By organizational design I mean the very important activity of analyzing and tweaking teamstructures, processes, and management reporting. Leaders embark on these dangerous but high-impact initiatives to capture new opportunities, to mitigate emerging risks or simply to take slack out of the existing system.
There’s no need to write about why top performing teams continuously evaluate their organizational effectiveness. We all know this. What isn’t well understood is that technology enables a better, modern, organizational design. When technology is an afterthought major enhancement opportunities are missed.

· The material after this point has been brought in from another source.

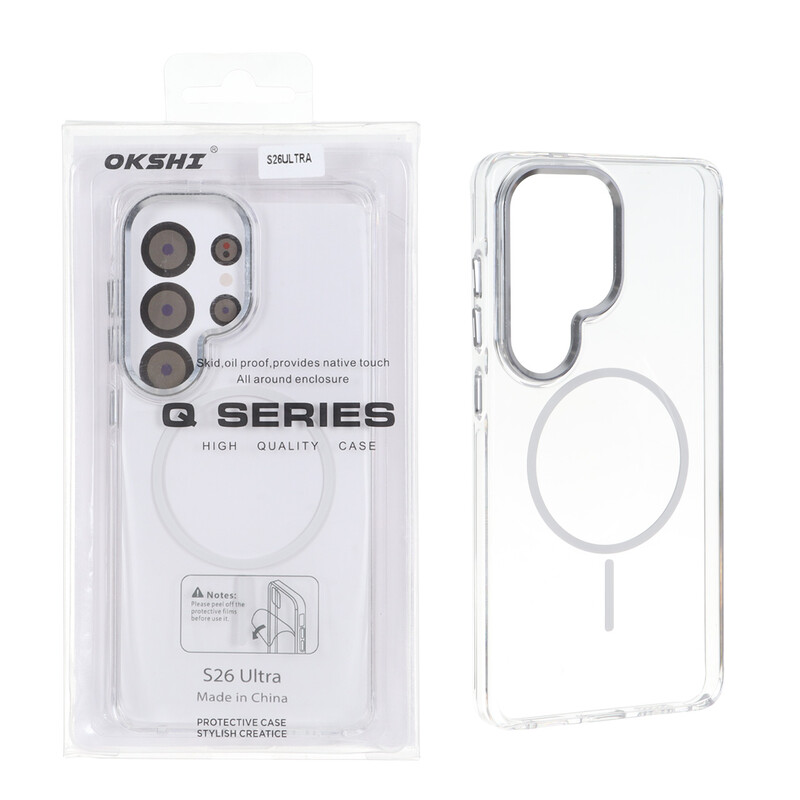 قاب اورجینال Q Series کریستالی MagSafe لنز فلزی Samsung Galaxy S26 Ultra - سفید (پک دار)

Examples are best. Let’s say a leader, Sally Sogud, wants to rejig the way her project organization addresses permitting and land acquisition. This operational area is tricky and has substantial impact on schedule and cost. Worse yet, collaboration between schedulers, cost estimators, and regulatory teams is going from bad to really bad.
In response, Sogud commissions a crack analyst, Ron Dewright, to redesign collaboration and management processes. Last time Dewright did this teams were interviewed, flow diagrams developed and reporting templates produced. Right after launch performance tanked.
This time around Dewright decided to bring technology into the conversation. He grabbed existing data from the different groups and used it to mock-up a cross-disciplinary dashboard. Dewright used an iterative development process and short collaborative design sessions to tweak the dashboard. New insights were created and people realized some existing processes and status meetings were superfluous.
“I thought you needed my detailed schedule,” the planner remarked. “No, I never open it,” responded the regulatory manager.
The cost estimator complained, “It takes me forever to produce that scenario estimate for Sogud. I need more staff.” Turns out that was a one-time request from Sogud last year. It is no longer useful.
By mapping the disparate data sources into an online dashboard the team realized 45-minute bi-weekly coordination meetings got the job done. Much better than the previous weekly 90-minute meetings. The best part? Dewright didn’t redesign many processes. In fact, he removed processes and reduced a lot of team friction.
Now high levels of employee engagement and an occasional high-five can be seen in Sogud’s organization. Such are the possibilities of organizational design when technology has a seat at the table from the get-go.
Whether you are leading a team of a few people or a department of hundreds, thinking about how to enhance management effectiveness is time well spent. When in that frame of mind, remember that even small bits of technology can have substantial impact on defining the right outputs to measure, process design and team configuration.